As he walks ahead of me, navigating our way up a steep hill lined with beige brush and crinkling weeds where we saw a deer a few months back, I explain:
“There’s this artist who was interested in exploring the way humanity is seen from the future from the perspective of civilizations who encounter prior civilizations when they dig up ancient remains. You know, like when an archeologist finds a piece of stone from hundreds of years ago and tries to figure out what it means, what its purpose was, and how it fit into the society which made it. In cases where the finder (usually academically educated) can’t conjure a logical, cultural or contextual function for the object as in a tool or utilitarian object, oftentimes it will be coined a ritual object. This artist was interested in creating a piece of art that would act as a ritual object that she could then bury for future societies to uncover.”
“Very cool,” my boyfriend says as we come to the end of the crevice that continues up the hillside towards a deep ridge sprinkled with lemonade-colored crystals from the early afternoon sun. We begin to veer off the known path looking for ways to go deeper up into the crack, stepping over scratchy patches of bramble and rock into softer mounds of arid grasses. We’ve never been in this part before and are in an adventurous mood.
“Anyway, “ I continue, “she decided to make a sculpture that would represent a set of known constellations that we can clearly see today, but that she discovered through her research will no longer be visible to the human eye in the future due to the earth’s shift. This will challenge the finder even moreso because the object will allude to something that is no longer in that civilization’s contemporary lexicon.
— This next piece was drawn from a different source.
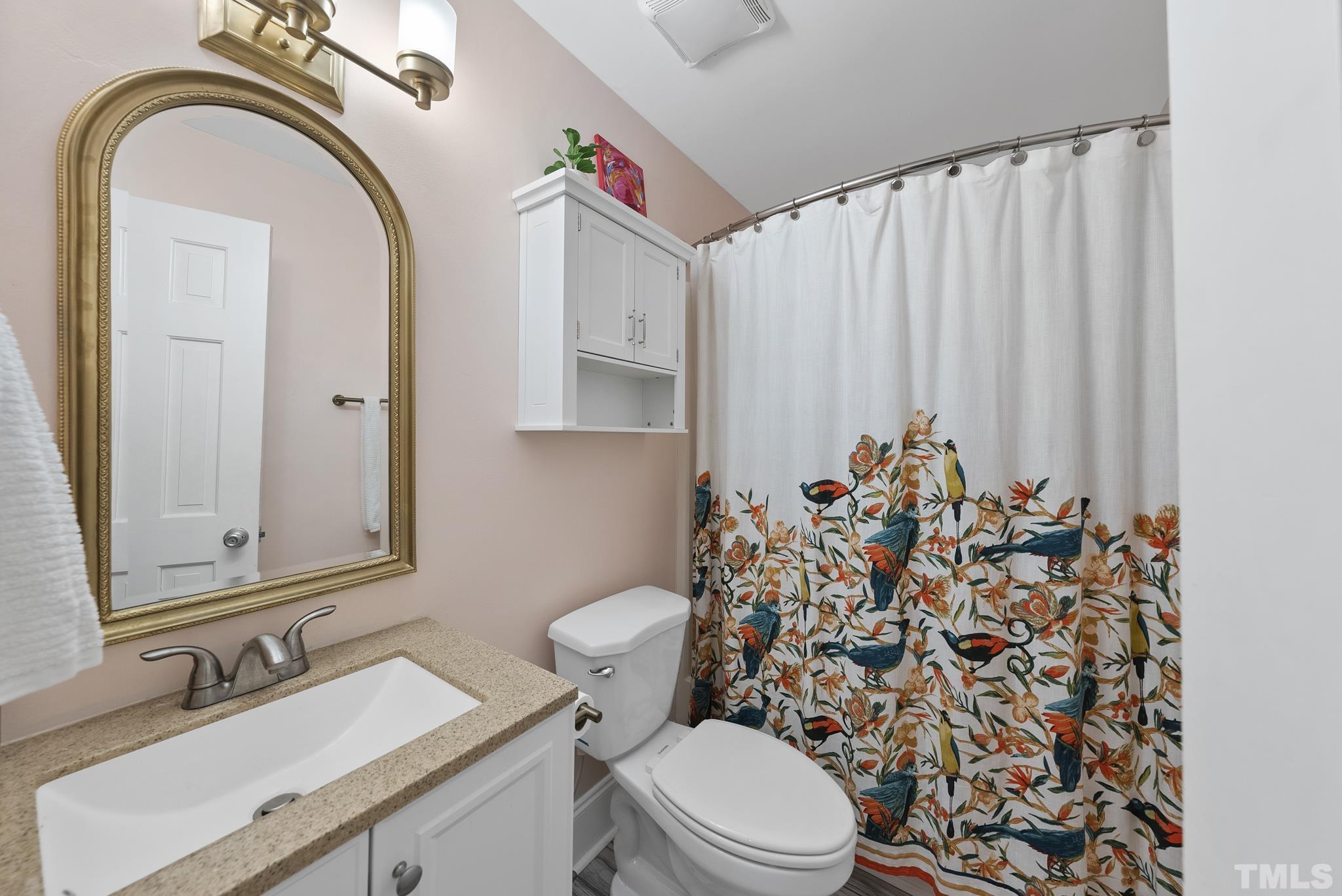 7516 Ray Road Raleigh, NC 27613 - Photo 13 of 23 a bathroom with a toilet sink and mirror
She then buried the sculpture up in Joshua Tree as part of the High Desert Test Sites installations that sprawl out over the landscape.”
“Interesting,” my boyfriend says as we come to the farthest spot we can traverse on our current trajectory and then he laughs. As he moves aside to let me see the source of his laughter, I see a massive and rusting hand of a plow lying alone and stark naked in the dirt, overgrown with a few straggly twigs from a nearby tree. Familiar to me yet completely out of place in the wild—an abandoned piece of machinery by some old construction endeavor left to iodize and die beneath the stark climate.
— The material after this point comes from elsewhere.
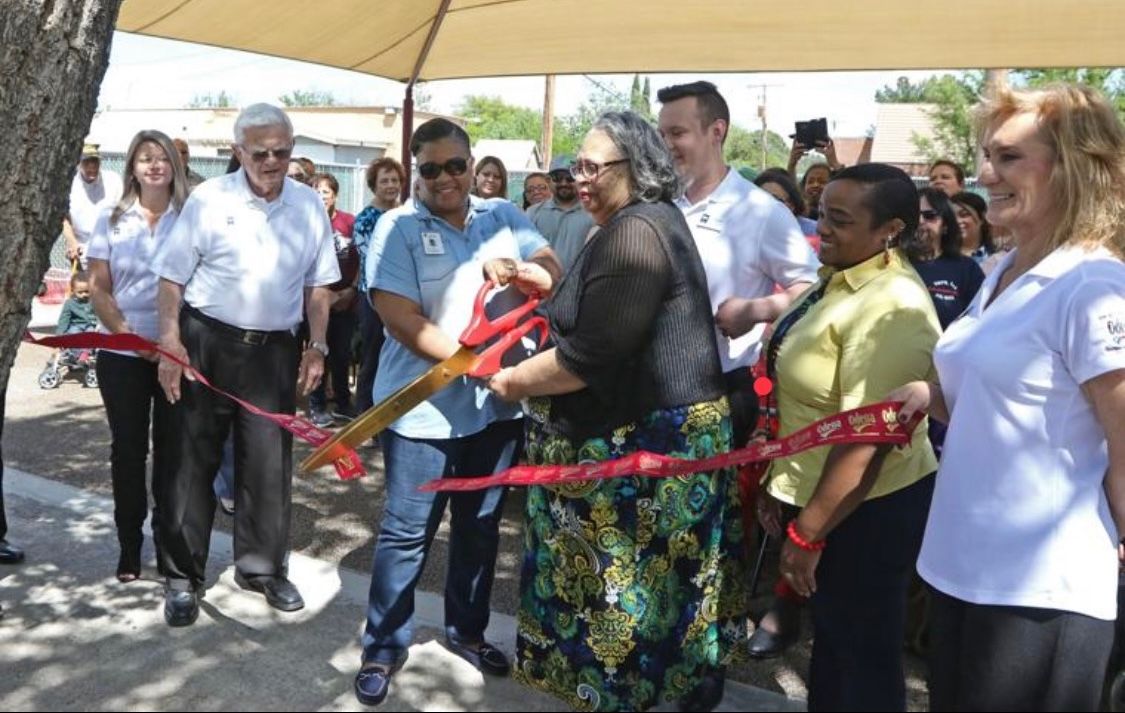 Man hands a document to a woman during a ribbon-cutting ceremony under a canopy; crowd applauds.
I wonder aloud what a future archeologist might surmise about this metal claw alone on the hillside and realize that this is what intrigues me most about Karen Lofgren’s Trajectory Object—that it brings up so many questions for me about what we think we know about our history and our timeframes and how those things that we think we know formulate our current experiences as a society. In reality, we don’t know if we are right about anything and we don’t know if we are wrong about anything but we continue to morph and shift our viewpoints around a body of legacy lore compiled over centuries in ways that inform our present day.In efforts to explore these ideas more, I spoke directly with Karen Lofgren about her experience making this piece.
What originally inspired you to create Trajectory Object? What ideas or questions were burning in your mind that this exploration answered?
I was thinking about how future civilizations might unearth and view contemporary art objects and the tragi-comic ephemerality of human culture when contrasted with larger earth and space systems and cycles. I wanted to think about contemporary art practice in astronomical time, in geological time, and find some comfort in their comparative vastness. I wanted to use the work as a lens through which I could deconstruct my perspective on the nature of the time that we live in, which I had found I was taking for granted as relatively concrete.
I was thinking about the nature of objects of art and ritualistic/presentation functions as distinguishable from objects with practical use value. I thought about this for a very long time and came around to thinking that an object of no use value is naturally a ritual object. What we make in our studios are also ritual objects and we are participating in an ancient tradition. The project brought up a lot of questions, but then those questions were about how to make the project, whether it could really be done, which were then answered by doing it.
The larger questions it just brings up as a matter of fact, I am not sure they are answerable.
How long did you keep your sketchbook and explore the various tangents of what this piece had simmering within you?
Drawings for this work appear in three or four sketchbooks from 2010 through 2013 in which I drew and took notes so the project took shape and direction. A number of the drawings are redundant, with three-five for each scenario and a lot of imaginary site studies (picturing what I was looking for in the real world).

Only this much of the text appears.